SHELLY KRAICER Programmer and Critic
Film Winter Vacation, Li Hongqi Crossing the Mountain, Yang Rui I Wish I Knew, Jia Zhangke Karamay, Xu Xin The Fourth Portrait, Chung Mong-hong Gallants, Clement Cheng and Derek Kwok
(extracted from Shelly’s list of top ten films from around the world)
RYAN KRIVOSHEY The Cinema Guild
Film One of the most memorable documentaries I saw in 2010 was Zhao Liang’s Petition. The film tells the story of Chinese citizens who as a last resort come to Beijing after being wronged by corrupt government officials or courts back home, only to find themselves waiting months, even years, for a hearing. I remember watching the film and constantly questioning the veracity of the events unfolding before me. The willingness of the ‘petitioners’ to postpone their lives, and in some cases the lives of their children, while enduring innumerable delays, obstructions and threats, for an outcome that in all likelihood will never happen seemed too Kafka-esque, too reminiscent of the hopeless situation depicted in “The Castle” to be real. It’s to Zhao’s credit that this amazing documentary achieves this elusive balance, this sense that what you’re watching can’t be real, while knowing that it very much is. The makeshift village where the petitioners lived has since been torn down, just prior to the opening of the 2008 Beijing games; no one wants to see that on their TV screens. So perhaps, it wasn’t real after all.
LI HONGYU Critic, Journalist, Southern Weekly
Madame (dir. Qiu Jiongjiong)
Films Madame, Qiu Jiongjiong Cop Shop, Zhou Hao Addicted to Love, Liu Hao Single Man, Hao Jie On the Road, Yang Yishu Oxhide 2, Liu Jiayin Karamay, Xu Xin
Memories China International Film Festival in Nanjing, China Documentary Film Festival in Beijing Songzhuang
Reflections “Variety” is the most direct impression, when I tried to recollect all those Chinese independent films I’ve watched in 2010. I watched only 20-30 titles this year, missed some I think, like Wang Bing’s fiction debut [The Ditch], or Yang Heng’s new piece [Sun Spots]. To me indie fiction films are normally not so exciting, but the Single Man is definitely a surprise, I never expected I could have seen such a film. Of course it’s not new at all in terms of film language, what really matters is the “sexual-reality” of a Chinese remote rural life, as well as the incredible performances of those real villagers. The filmmaker is so young I even wonder whether he has his reflection on the topic or he’s just seeking novelty.
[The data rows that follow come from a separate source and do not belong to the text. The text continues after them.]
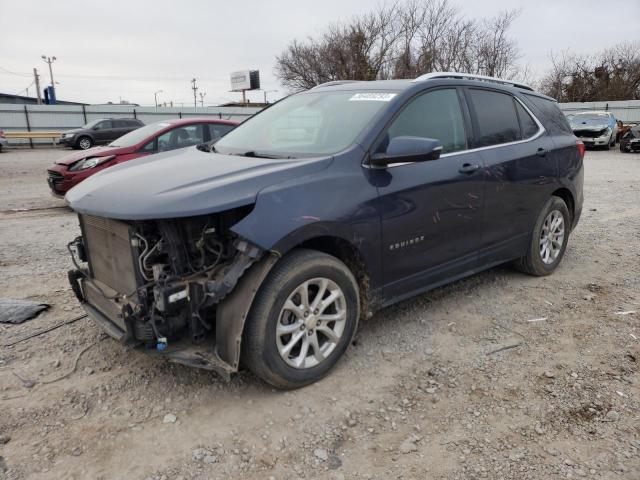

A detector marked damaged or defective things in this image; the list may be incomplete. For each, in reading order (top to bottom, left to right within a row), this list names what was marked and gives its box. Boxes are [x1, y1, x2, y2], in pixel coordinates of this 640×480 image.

damaged headlight area [67, 206, 260, 352]
crumpled front end [67, 209, 272, 378]
damaged blue suv [66, 73, 584, 388]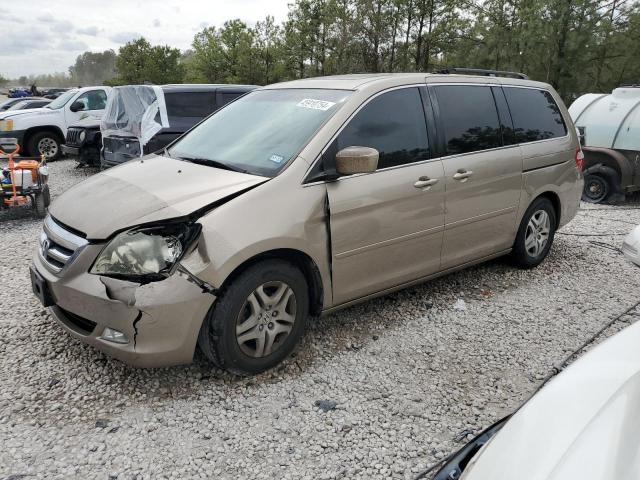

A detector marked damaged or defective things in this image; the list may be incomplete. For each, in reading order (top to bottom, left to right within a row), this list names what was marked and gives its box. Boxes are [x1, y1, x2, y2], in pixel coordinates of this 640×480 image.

cracked front bumper [32, 244, 216, 368]
broken headlight [90, 223, 200, 284]
dented hood [48, 154, 266, 240]
damaged honda odyssey [30, 71, 584, 374]
dented hood [460, 318, 640, 480]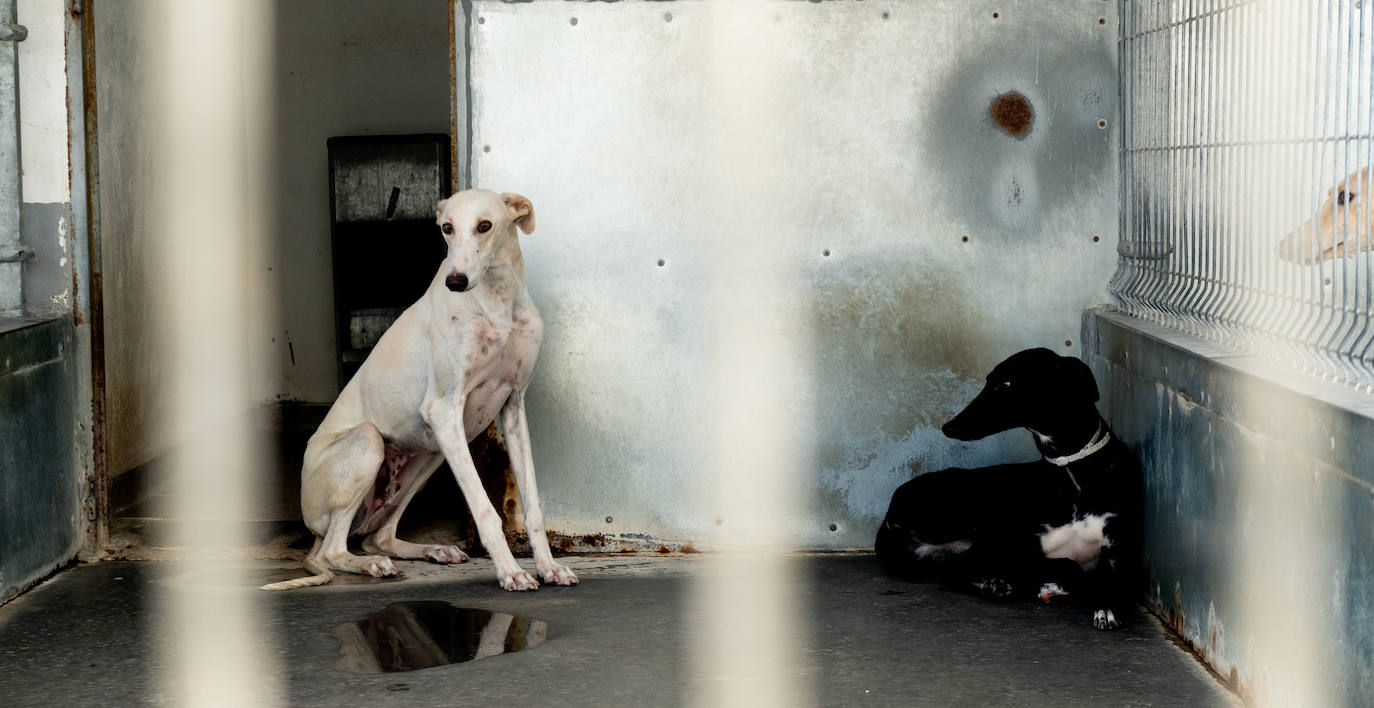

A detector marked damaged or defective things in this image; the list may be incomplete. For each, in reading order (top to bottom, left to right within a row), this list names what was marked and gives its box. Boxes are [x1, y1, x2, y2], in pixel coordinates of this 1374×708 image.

But I appreciate this sort of attempt, since there were already too many gloomy, bleak, distressed stories. I’m not denying those films, it’s true that the social reality is not delightful, and the circumstances of indie filmmaking here didn’t get much better, but I do hope indie filmmakers get more approaches, more wit to deal with their lives. Another example is the indie animation feature Piercing I [dir. Liu Jian]; despite that the Guy Ritchie plot machine was again recruited, it’s still a respectable endeavor.
Documentaries: I don’t often encounter films like Madame or A Song of Love, Maybe. I can’t say I like Martian Syndrome (dir. Xue Jianqiang), but I support the “unbridled”, sometimes even irritating attitude of the young author, I hope he could retain it in rest of his (working) life.
I don’t have any thing to say about mainstream cinema in 2010.
EDWIN MAK Film Critic
Disorder (dir. Huang Weikai)
Film For simplicity’s sake I’ve decided to nominate a single entry this year: Huang Weikai’s outstanding documentary on contemporary China, Disorder, whose Chinese title literally and more playfully means “the present is the future of the past.” As its titles suggest, this granular hour-long video favors a disruptive and disjunctive form––over the more patient, observationally extended style threatening to become synonymous with Chinese indies and docs––while its content acts in tandem. Although its rapid, found image and sound assault of unconnected urban pandemonium (a policeman mediating a restaurant dispute after a cockroach is found; a man earnestly casting his fishing net into a filthy watercourse; another dancing shirtless between the lanes of a dual carriage-way…) occasionally verges close to non sequitur, it consistently demonstrates an absorbing sense of the absurd––one as farcical as it is sometimes disconcerting. Disorder as a documentary knows that the experience of reality in the PRC is stranger than that of fiction; and needs only a little acceleration to prove this.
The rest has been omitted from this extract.